------ Provided material

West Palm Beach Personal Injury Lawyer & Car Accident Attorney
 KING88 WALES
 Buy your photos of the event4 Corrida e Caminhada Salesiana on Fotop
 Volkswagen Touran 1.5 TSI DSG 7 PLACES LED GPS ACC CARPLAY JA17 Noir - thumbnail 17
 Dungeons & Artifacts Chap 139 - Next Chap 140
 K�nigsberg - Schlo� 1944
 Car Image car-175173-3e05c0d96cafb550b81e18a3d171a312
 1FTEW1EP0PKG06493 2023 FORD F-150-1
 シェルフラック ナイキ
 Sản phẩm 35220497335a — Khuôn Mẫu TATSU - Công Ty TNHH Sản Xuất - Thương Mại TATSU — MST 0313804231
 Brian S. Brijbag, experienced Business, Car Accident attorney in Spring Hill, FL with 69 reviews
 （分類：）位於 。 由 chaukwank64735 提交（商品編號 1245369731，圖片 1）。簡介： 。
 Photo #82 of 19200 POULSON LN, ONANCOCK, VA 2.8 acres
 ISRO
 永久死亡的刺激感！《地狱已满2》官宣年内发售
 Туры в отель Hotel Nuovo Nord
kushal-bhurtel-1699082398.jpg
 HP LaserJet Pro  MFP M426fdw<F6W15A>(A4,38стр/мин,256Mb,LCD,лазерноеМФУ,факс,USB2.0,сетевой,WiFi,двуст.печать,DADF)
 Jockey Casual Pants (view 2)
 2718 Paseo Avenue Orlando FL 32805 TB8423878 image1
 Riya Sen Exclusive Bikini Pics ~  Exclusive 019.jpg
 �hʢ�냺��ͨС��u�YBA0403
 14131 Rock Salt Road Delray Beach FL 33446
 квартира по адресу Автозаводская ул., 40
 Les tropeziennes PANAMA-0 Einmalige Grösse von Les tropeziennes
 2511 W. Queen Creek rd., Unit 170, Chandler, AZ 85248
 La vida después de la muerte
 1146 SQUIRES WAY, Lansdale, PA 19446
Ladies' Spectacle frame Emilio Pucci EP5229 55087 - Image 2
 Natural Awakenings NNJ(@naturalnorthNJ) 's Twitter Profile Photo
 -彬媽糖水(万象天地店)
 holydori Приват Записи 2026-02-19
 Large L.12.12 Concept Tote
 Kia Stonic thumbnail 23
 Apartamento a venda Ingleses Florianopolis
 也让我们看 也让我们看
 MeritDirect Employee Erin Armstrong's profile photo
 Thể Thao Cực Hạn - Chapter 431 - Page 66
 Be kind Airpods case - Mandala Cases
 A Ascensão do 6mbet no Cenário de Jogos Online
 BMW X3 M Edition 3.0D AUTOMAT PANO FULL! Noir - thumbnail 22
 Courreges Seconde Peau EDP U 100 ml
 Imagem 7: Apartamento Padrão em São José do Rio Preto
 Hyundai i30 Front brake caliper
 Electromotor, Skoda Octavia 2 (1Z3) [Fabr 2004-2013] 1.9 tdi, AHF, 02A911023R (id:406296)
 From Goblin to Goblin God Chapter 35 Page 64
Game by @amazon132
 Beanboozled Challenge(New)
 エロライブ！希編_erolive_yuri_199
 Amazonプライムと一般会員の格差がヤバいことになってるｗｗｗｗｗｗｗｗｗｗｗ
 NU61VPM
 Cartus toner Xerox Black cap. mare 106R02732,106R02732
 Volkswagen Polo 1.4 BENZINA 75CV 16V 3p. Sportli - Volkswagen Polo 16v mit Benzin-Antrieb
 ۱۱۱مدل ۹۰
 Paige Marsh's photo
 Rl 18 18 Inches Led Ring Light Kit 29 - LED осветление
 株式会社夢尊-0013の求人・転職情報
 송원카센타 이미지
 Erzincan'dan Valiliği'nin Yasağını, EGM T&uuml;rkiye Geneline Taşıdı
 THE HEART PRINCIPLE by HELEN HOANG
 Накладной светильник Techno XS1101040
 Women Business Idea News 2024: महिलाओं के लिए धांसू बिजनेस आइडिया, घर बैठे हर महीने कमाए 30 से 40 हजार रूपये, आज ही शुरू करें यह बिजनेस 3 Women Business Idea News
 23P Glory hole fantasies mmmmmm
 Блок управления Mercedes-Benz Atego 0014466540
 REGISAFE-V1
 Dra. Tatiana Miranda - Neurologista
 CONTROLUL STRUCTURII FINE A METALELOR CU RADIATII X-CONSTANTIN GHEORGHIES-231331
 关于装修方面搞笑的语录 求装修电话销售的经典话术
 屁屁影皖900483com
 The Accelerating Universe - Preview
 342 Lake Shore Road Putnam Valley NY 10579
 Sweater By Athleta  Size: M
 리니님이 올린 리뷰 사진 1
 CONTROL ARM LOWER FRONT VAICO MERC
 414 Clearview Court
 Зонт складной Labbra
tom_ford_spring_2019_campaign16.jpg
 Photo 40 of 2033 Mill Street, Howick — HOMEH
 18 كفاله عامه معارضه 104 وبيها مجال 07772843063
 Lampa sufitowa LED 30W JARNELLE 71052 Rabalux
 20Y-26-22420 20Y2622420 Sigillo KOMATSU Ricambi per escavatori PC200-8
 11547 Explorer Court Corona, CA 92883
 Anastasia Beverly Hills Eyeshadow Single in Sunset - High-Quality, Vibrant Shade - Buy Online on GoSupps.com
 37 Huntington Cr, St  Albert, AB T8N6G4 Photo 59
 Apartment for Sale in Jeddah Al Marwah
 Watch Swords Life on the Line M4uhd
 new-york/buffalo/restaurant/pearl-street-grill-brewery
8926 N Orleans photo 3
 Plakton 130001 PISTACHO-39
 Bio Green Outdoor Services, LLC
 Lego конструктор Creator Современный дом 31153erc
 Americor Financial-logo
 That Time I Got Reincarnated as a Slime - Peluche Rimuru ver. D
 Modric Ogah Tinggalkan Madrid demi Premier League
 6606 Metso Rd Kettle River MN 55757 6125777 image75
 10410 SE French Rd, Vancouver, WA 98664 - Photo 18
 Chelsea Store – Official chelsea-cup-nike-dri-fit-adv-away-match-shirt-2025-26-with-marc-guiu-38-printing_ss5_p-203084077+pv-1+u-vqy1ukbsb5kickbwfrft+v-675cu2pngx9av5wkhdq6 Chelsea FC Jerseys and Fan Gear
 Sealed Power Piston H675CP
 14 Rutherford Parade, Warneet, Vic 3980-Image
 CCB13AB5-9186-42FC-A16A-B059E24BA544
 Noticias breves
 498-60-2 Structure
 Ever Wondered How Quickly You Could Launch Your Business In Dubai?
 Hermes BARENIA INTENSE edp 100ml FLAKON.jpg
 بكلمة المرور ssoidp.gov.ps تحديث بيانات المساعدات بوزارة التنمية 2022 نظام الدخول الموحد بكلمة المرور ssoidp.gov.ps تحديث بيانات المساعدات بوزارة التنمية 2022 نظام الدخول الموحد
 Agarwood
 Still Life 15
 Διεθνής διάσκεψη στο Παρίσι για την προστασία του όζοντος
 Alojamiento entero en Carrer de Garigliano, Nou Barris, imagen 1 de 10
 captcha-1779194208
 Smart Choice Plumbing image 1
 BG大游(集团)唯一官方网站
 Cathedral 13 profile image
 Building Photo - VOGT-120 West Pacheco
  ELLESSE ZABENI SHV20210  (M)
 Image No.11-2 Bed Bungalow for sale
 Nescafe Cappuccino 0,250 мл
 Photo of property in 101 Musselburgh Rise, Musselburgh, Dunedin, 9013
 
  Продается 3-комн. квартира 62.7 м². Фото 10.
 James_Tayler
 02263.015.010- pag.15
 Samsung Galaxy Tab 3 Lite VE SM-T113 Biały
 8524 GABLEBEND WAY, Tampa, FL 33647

------------

Work to complete: Only the line that contains "37 Huntington Cr, St" and the lines after it, through the end of the data above, are to be repeated exactly.

Exercise solution:
 37 Huntington Cr, St  Albert, AB T8N6G4 Photo 59
 Apartment for Sale in Jeddah Al Marwah
 Watch Swords Life on the Line M4uhd
 new-york/buffalo/restaurant/pearl-street-grill-brewery
8926 N Orleans photo 3
 Plakton 130001 PISTACHO-39
 Bio Green Outdoor Services, LLC
 Lego конструктор Creator Современный дом 31153erc
 Americor Financial-logo
 That Time I Got Reincarnated as a Slime - Peluche Rimuru ver. D
 Modric Ogah Tinggalkan Madrid demi Premier League
 6606 Metso Rd Kettle River MN 55757 6125777 image75
 10410 SE French Rd, Vancouver, WA 98664 - Photo 18
 Chelsea Store – Official chelsea-cup-nike-dri-fit-adv-away-match-shirt-2025-26-with-marc-guiu-38-printing_ss5_p-203084077+pv-1+u-vqy1ukbsb5kickbwfrft+v-675cu2pngx9av5wkhdq6 Chelsea FC Jerseys and Fan Gear
 Sealed Power Piston H675CP
 14 Rutherford Parade, Warneet, Vic 3980-Image
 CCB13AB5-9186-42FC-A16A-B059E24BA544
 Noticias breves
 498-60-2 Structure
 Ever Wondered How Quickly You Could Launch Your Business In Dubai?
 Hermes BARENIA INTENSE edp 100ml FLAKON.jpg
 بكلمة المرور ssoidp.gov.ps تحديث بيانات المساعدات بوزارة التنمية 2022 نظام الدخول الموحد بكلمة المرور ssoidp.gov.ps تحديث بيانات المساعدات بوزارة التنمية 2022 نظام الدخول الموحد
 Agarwood
 Still Life 15
 Διεθνής διάσκεψη στο Παρίσι για την προστασία του όζοντος
 Alojamiento entero en Carrer de Garigliano, Nou Barris, imagen 1 de 10
 captcha-1779194208
 Smart Choice Plumbing image 1
 BG大游(集团)唯一官方网站
 Cathedral 13 profile image
 Building Photo - VOGT-120 West Pacheco
  ELLESSE ZABENI SHV20210  (M)
 Image No.11-2 Bed Bungalow for sale
 Nescafe Cappuccino 0,250 мл
 Photo of property in 101 Musselburgh Rise, Musselburgh, Dunedin, 9013
 
  Продается 3-комн. квартира 62.7 м². Фото 10.
 James_Tayler
 02263.015.010- pag.15
 Samsung Galaxy Tab 3 Lite VE SM-T113 Biały
 8524 GABLEBEND WAY, Tampa, FL 33647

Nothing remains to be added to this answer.